ReadWriteBuilders is a series of interviews with developers, designers and other architects of the programmable future.
For a 100-person company founded in 2009, the tech firm Cloudflare certainly seems to have an outsized impact on the Internet.
Shortly after the Heartbleed bug became public knowledge on April 9, Cloudflare decided to revoke all the digital-encryption SSL certificates it managed—a move that would prevent hackers from stealing digital identities from Web servers by exploiting Heartbleed. When it did so, it caused a dramatic spike in such revocations.
Similarly, when it switched its customers by default to a new Internet-address scheme called IPv6, Cloudflare says it expanded what co-founder Matthew Prince calls “the IPv6 Web” by a full five percent.
See also: Exterminating Heartbleed: How To Clear It Out Of Your Data Center
Cloudflare’s primary business is to both speed up and act as a sort of digital bouncer for its client sites. It does this by helping them deliver their information more efficiently and by sheltering them from the Internet’s bad guys—hackers, spammers and scammers who try to knock sites offline via distributed denial-of-service attacks.
In the process, it’s also managed to bring advanced site-management tools—the kind of things that previously only companies like Google could afford—to the masses.

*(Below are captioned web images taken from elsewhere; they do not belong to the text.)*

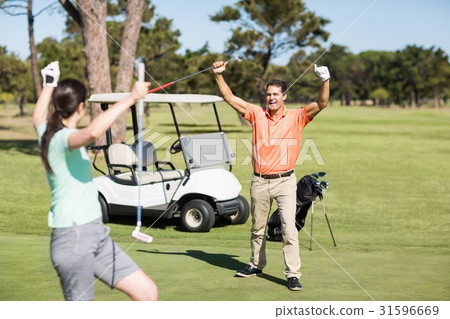 Happy golfer couple with arms raised Happy golfer couple with arms raised 31596669
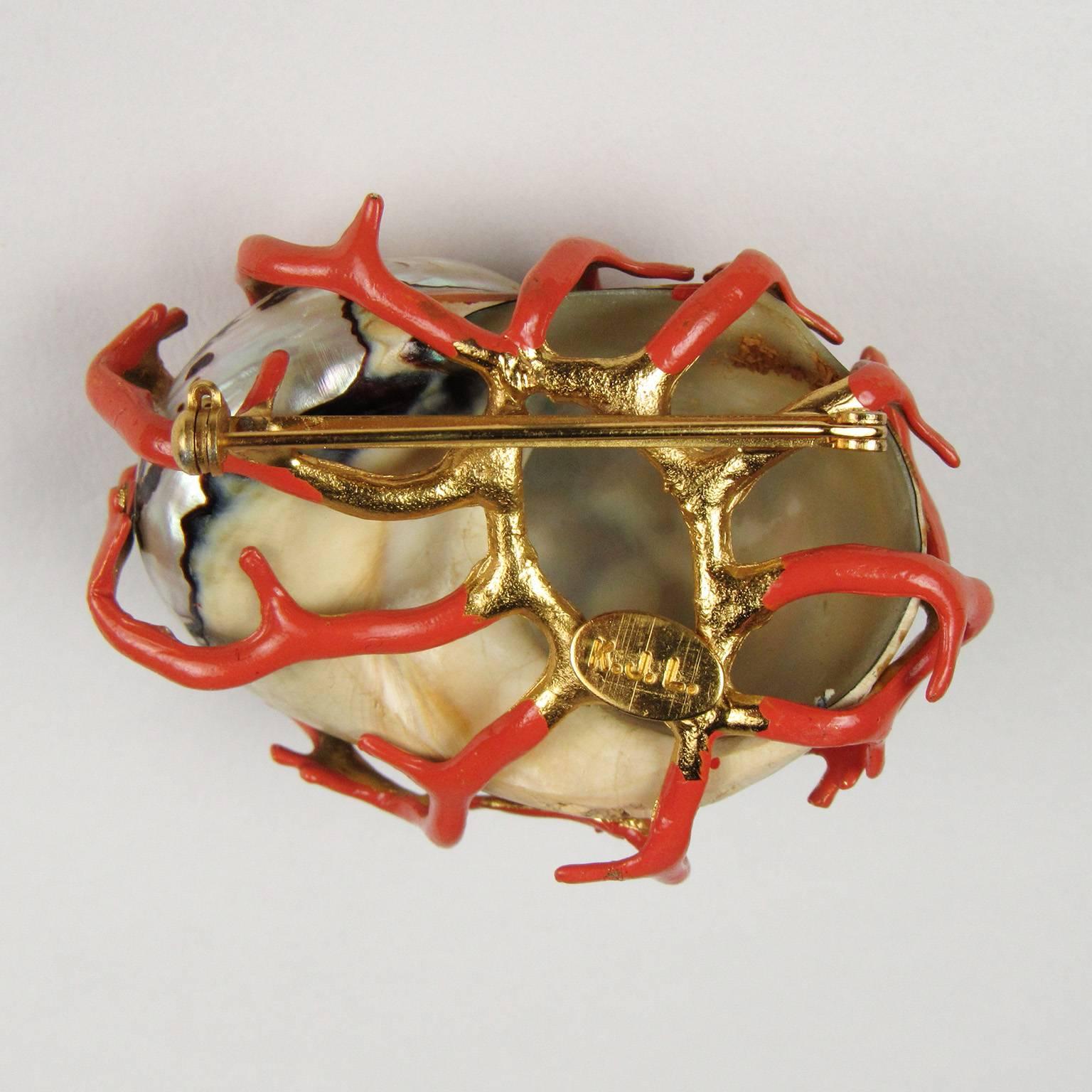 Vintage Kenneth Jay Lane faux coral shell form brooch, circa 1960s
comprised of a mother-of-pearl shell encrusted with faux coral, with gold filled setting, marked 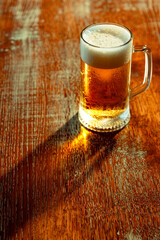 Bright golden beer in glass mug with soft foam placed on textured wooden surface in cozy bar. Top view photo. Concept of alcohol, festival, celebration, beer, culture, pub, bar.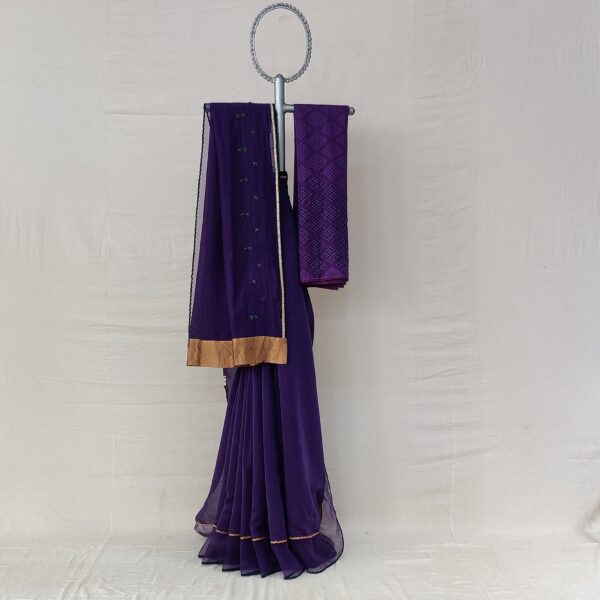 Purple kora chanderi sari with an Organza border with tissue applique and hand thread embroidery details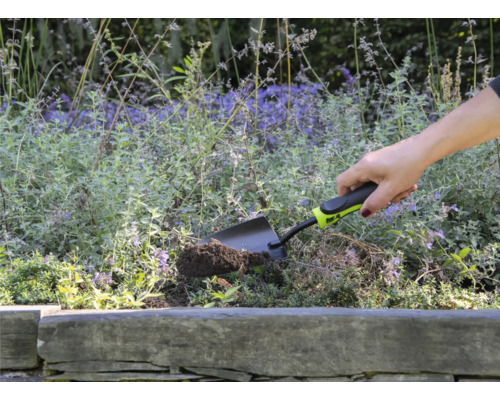 Une personne utilise une petite pelle de jardin pour creuser dans une plate-bande.
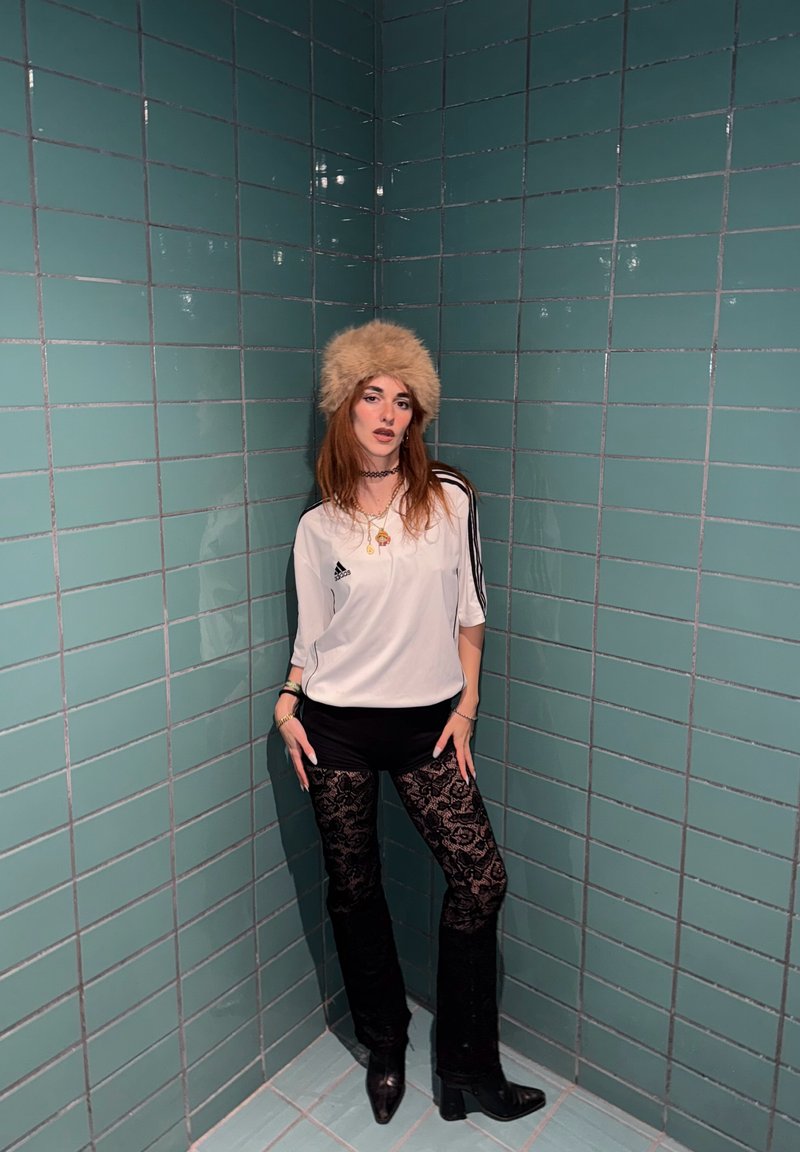 Chemise de sport blanche à rayures noires, short noir et pantalons noirs à motif de dentelle. Chapeau en fourrure beige et bottes noires à talons. Fond en carreaux verts.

Prince co-founded CloudFlare after bouncing through a number of startups and attending both law and business school. I spoke with him about how getting sued by the porn industry got him started, how he was a lawyer for a day and the role he sees Cloudflare playing as cloud computing continues its astronomical growth.
What follows is a lightly edited transcript of our conversation.
Back When The Web Was “A Fad”
ReadWrite: You describe yourself as the storyteller. How technical are you?
Matthew Prince: When I was seven, my grandmother gave me an Apple II Plus. I grew up in Park City, Utah, and my mom used to sneak me into computer science classes. When I got to college, I was pretty competent as a computer programmer, and got bored in the computer science program fairly quickly.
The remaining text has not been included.